▸ YOUR TASK:
In the copy of the lines below, leave out pictures and print everything else exactly.

▸ STORED DATA:
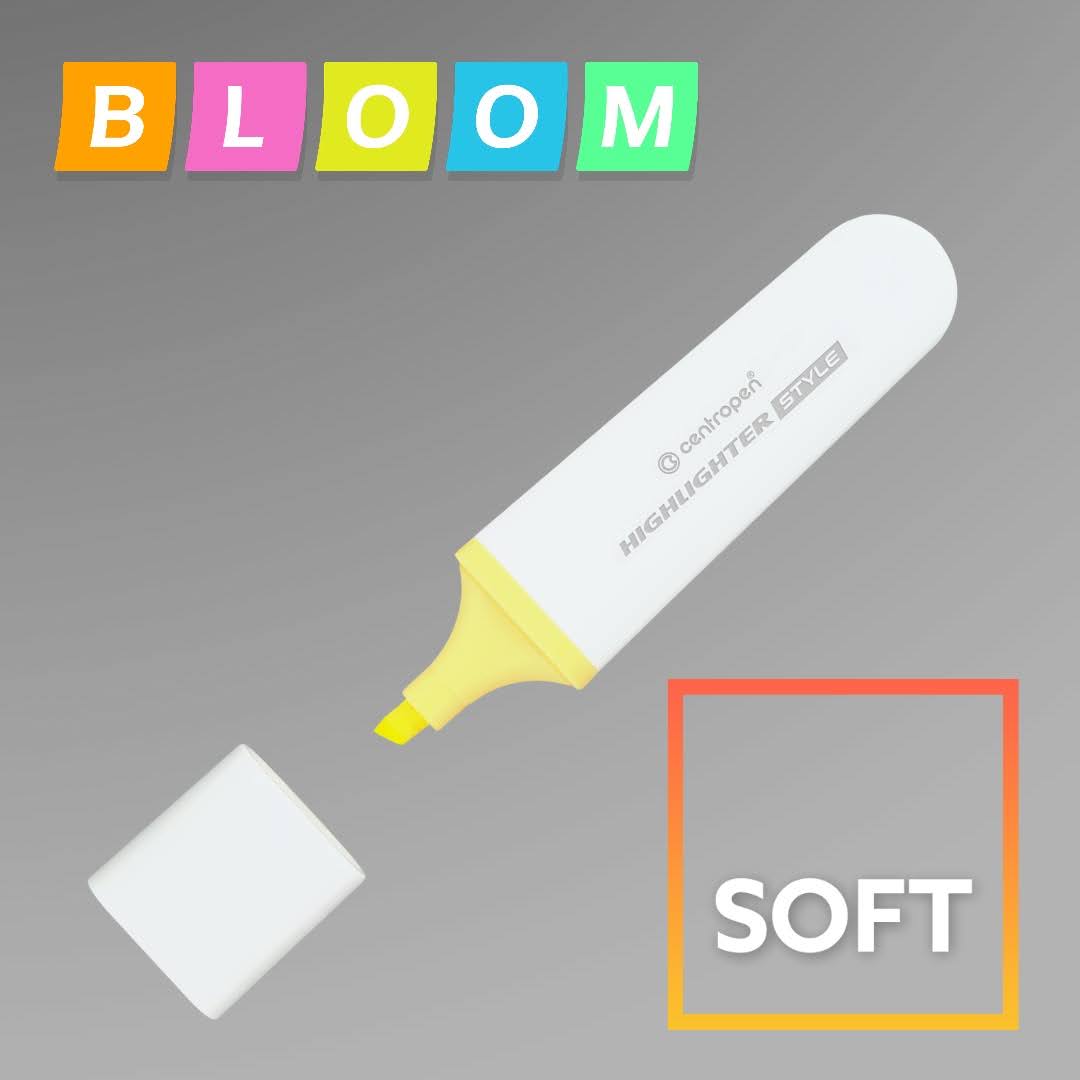 Centropen 6252 STYLE SOFT žltý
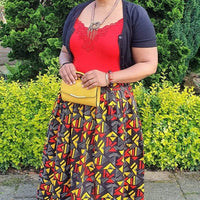 Hoofddoek/Headwrap in Afrikaanse Print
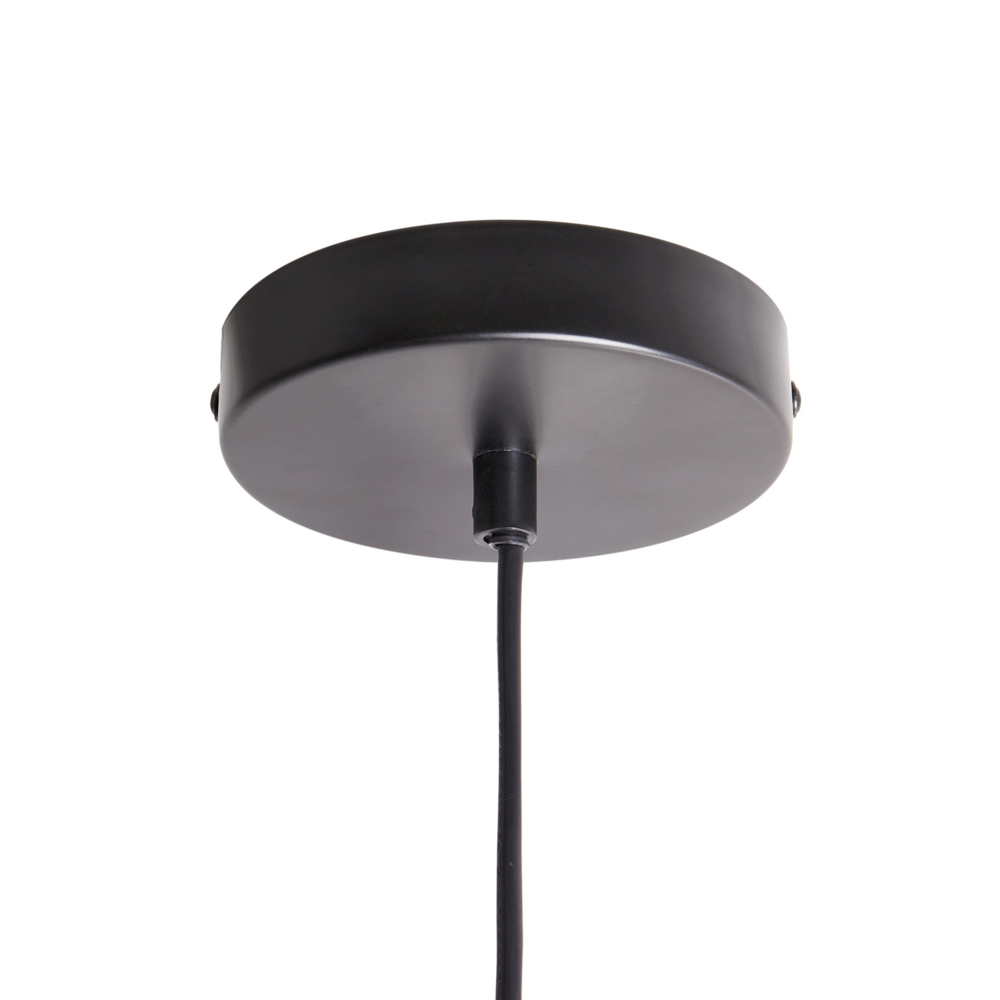 Lampada a sospensione Paralume in metallo ferro nero Illuminazione a sospensione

▸ TASK ANSWER:
 Centropen 6252 STYLE SOFT žltý
 Hoofddoek/Headwrap in Afrikaanse Print
 Lampada a sospensione Paralume in metallo ferro nero Illuminazione a sospensione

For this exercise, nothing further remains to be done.